The painting captures a full-leafed warm summer day, with the composition featuring the low horizon and large blue sky, elements which were so characteristic of Sisley’s landscapes, dappled by high fair-weather clouds. The artist often felt inspired by the sky, almost spiritually so. As he wrote in a letter to his friend Adolphe Tavernier: “the sky is not simply a background; its planes give depth (for the sky has planes, as well as solid ground), and the shapes of clouds give movement to a picture. What is more beautiful indeed than the summer sky, with its wispy clouds idly floating across the blue? What movement and grace! Don't you agree?’ They are like waves on the sea; one is uplifted and carried away” —Alfred Sisley.
In the foreground, a narrow road draws the viewer towards a distant cluster of dwellings, and past a humble house in the middle ground. A plainly-dressed female figure walks towards us, her apron and bonnet picked out in white. However, the scale of the figure renders her almost incidental to the work, as the artist instead concentrates on the timeless yet ever-changing effects of luminosity in the landscape. It is early morning or late afternoon, and despite the scattering of clouds in the sky, it is the vivid greens set against the diffused blue of the sky that draw in the eye and makes us see and experience the artist’s vision and affinity with nature.

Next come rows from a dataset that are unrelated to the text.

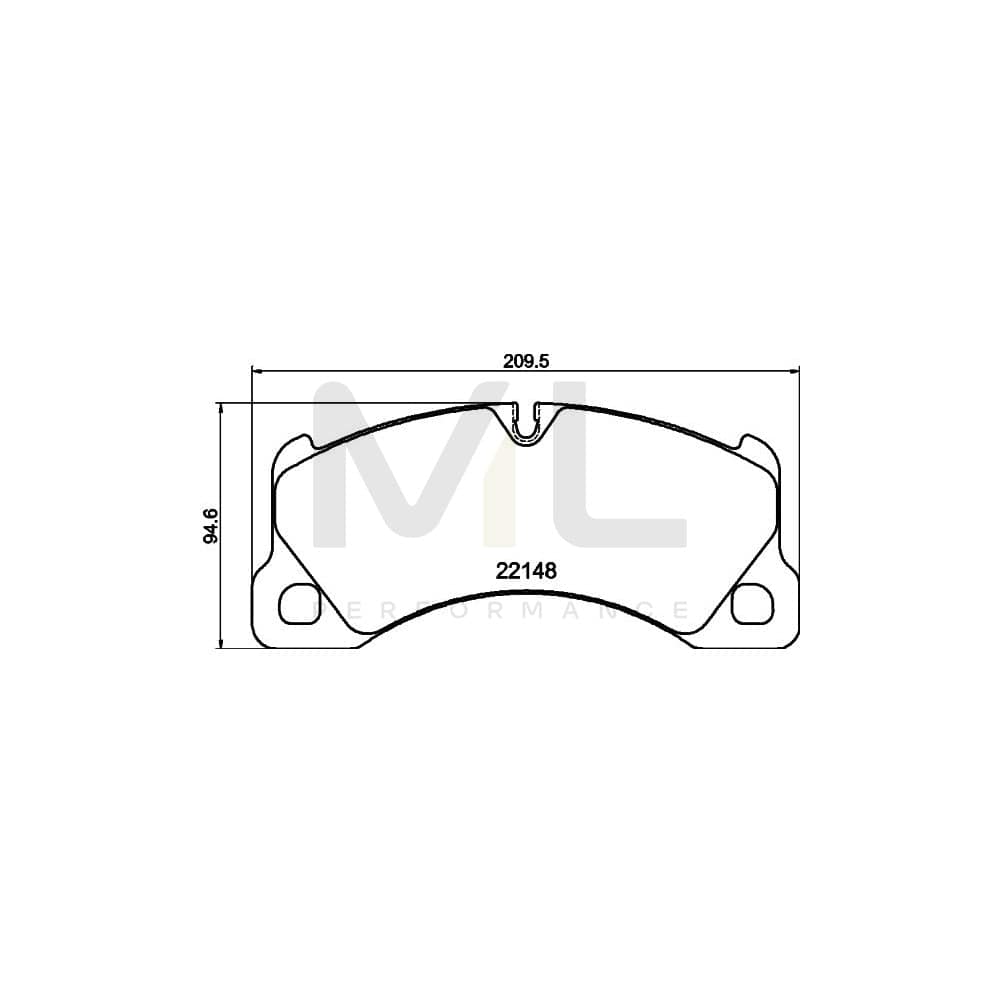 Hella 8DB 355 040-631 Brake Pad Set For Porsche Cayenne Prepared For Wear Indicator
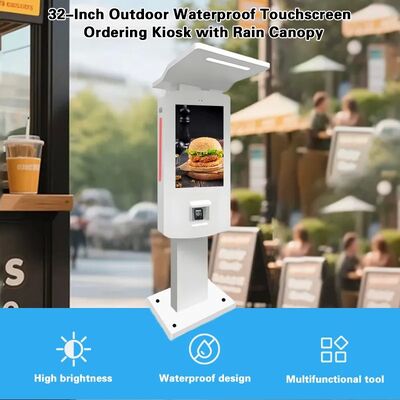 32 Inch Outdoor IP65 Self Service Checkout Kiosk Dengan Aluminium Housing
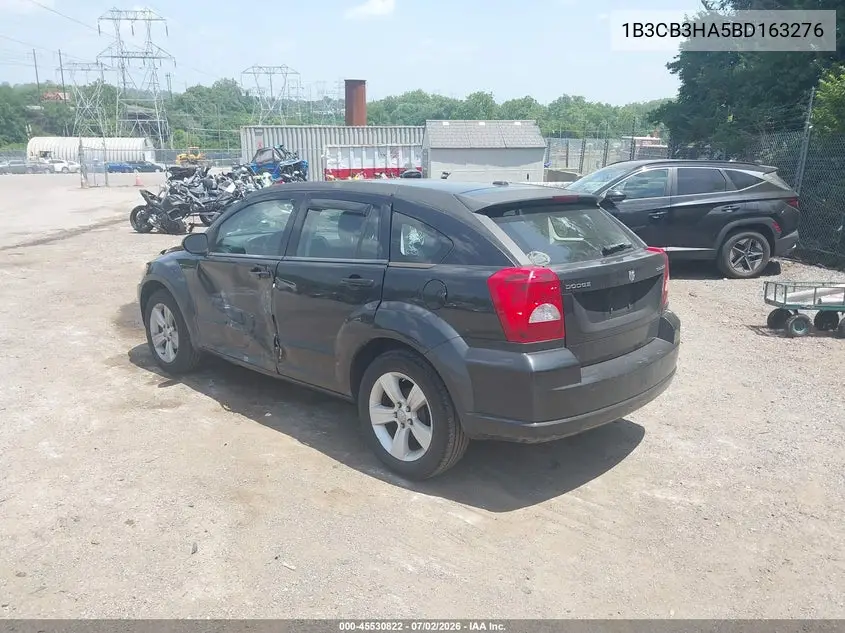 2011 Dodge Caliber Mainstreet VIN: 1B3CB3HA5BD163276 Lot: 45530822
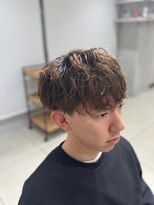 アッシュ 高幡不動店(Ash) スパイラルパーマセンターパートフェザーパーマシャドウパーマ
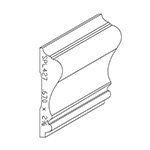 0.670" x 2-5/8" Ash Custom Chair Rail - SPL427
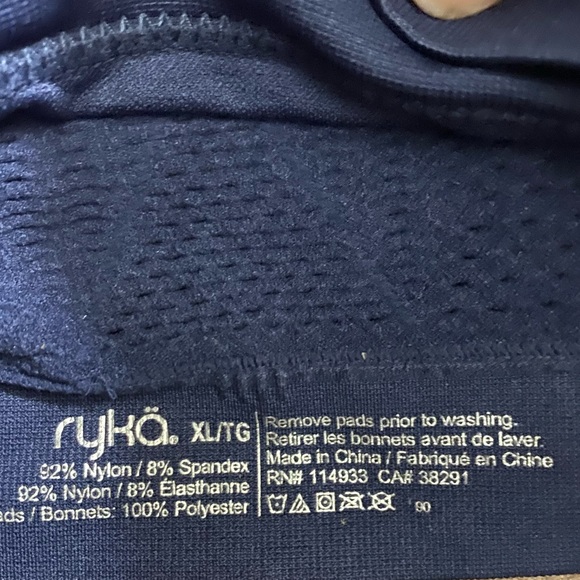 Ryka Women's Blue and Gray Sports Bra Set 2 pack NWT XL Racerback - Picture 6 of 8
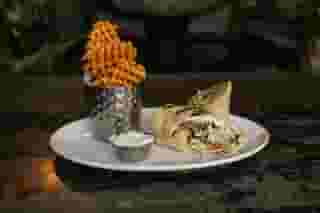 Hummus Chicken Wrap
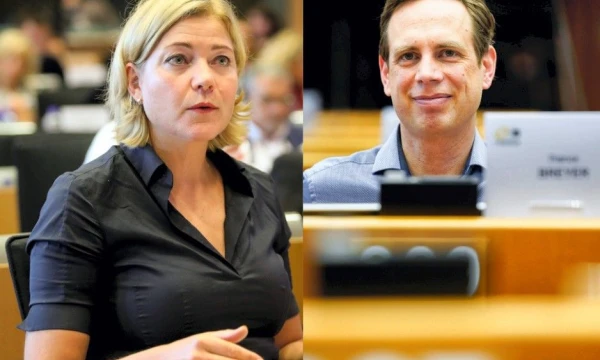 Europarlamentarai Henna Virkkunen ir Patrick Breyer.

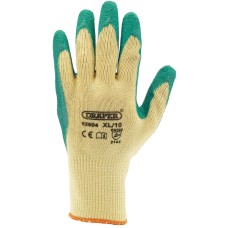 Draper Green Heavy Duty Latex Coated Work Gloves - Extra Large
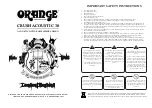 Предварительный просмотр 1 страницы ORANGE CRUSH ACOUSTIC 30 Manual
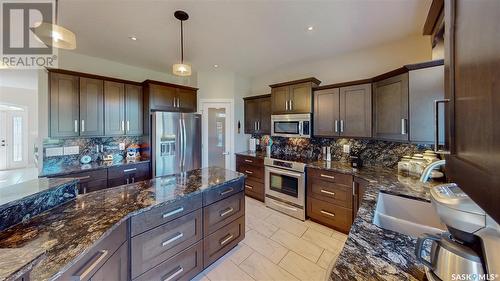 12119 Wascana Heights, Regina, SK - Indoor Photo Showing Kitchen With Upgraded Kitchen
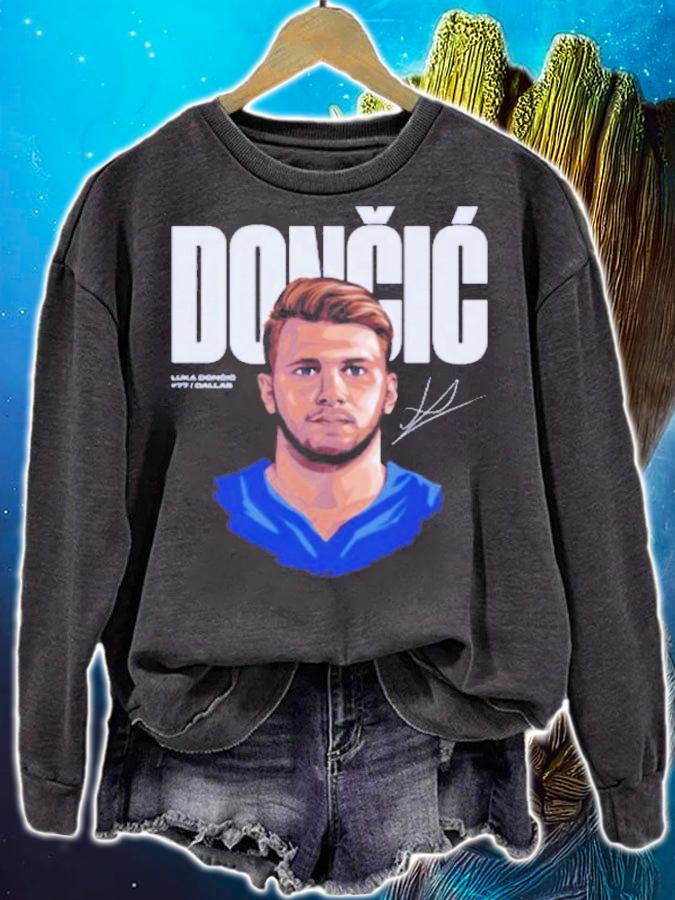 Luka Doncic Game Face Dallas Basketball Signatures Shirt t-shirt sweatshirt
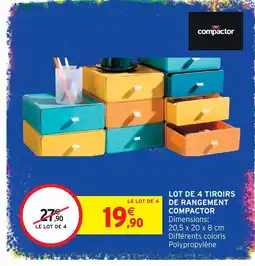 Intermarché Hyper Compactor lot de 4 tiroirs de rangement offre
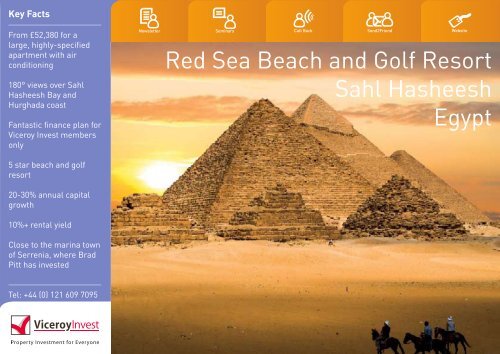 Red Sea Beach and Golf Resort Sahl Hasheesh Egypt - Viceroy Invest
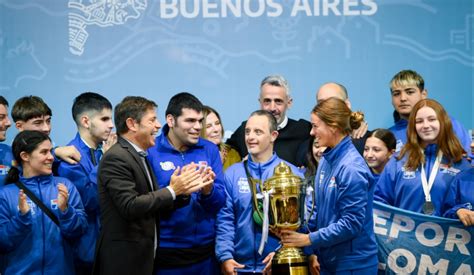 Axel Kicillof encabezó la presentación de los Juegos Bonaerenses 2024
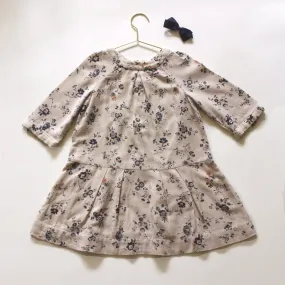 Bonpoint Cream Winter Floral Dress: 4 Years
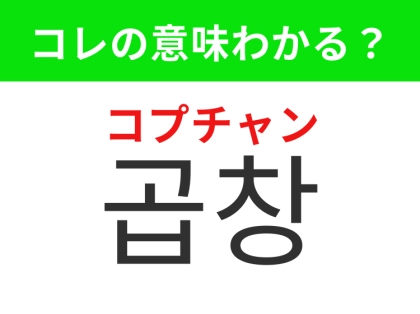 【韓国グルメ編】ぷりっとした食感のあの食べ物！「곱창（コプチャン）」の意味は？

Sisley had begun to use a color palette of pulsating intensity during this period. The lush vegetation in the foreground is rich, untamed, and dense. The brilliance and vitality of the climbing plants that cling to the building shine with a sunlit radiance. The brushwork, while loose, lively and fluid, is applied with control and confidence; its touches are deft and betray the hand of an Impressionist master, a true colorist at the height of his powers. The art historian Christopher Lloyd once commented on how meticulously organized Sisley’s compositions are, “bringing order to a world in an ever increasing state of flux,” and the present work amply demonstrates the truth of this observation (quoted in Alfred Sisley and the Purity of Vision, exh. cat., Royal Academy of Arts, London, 1992).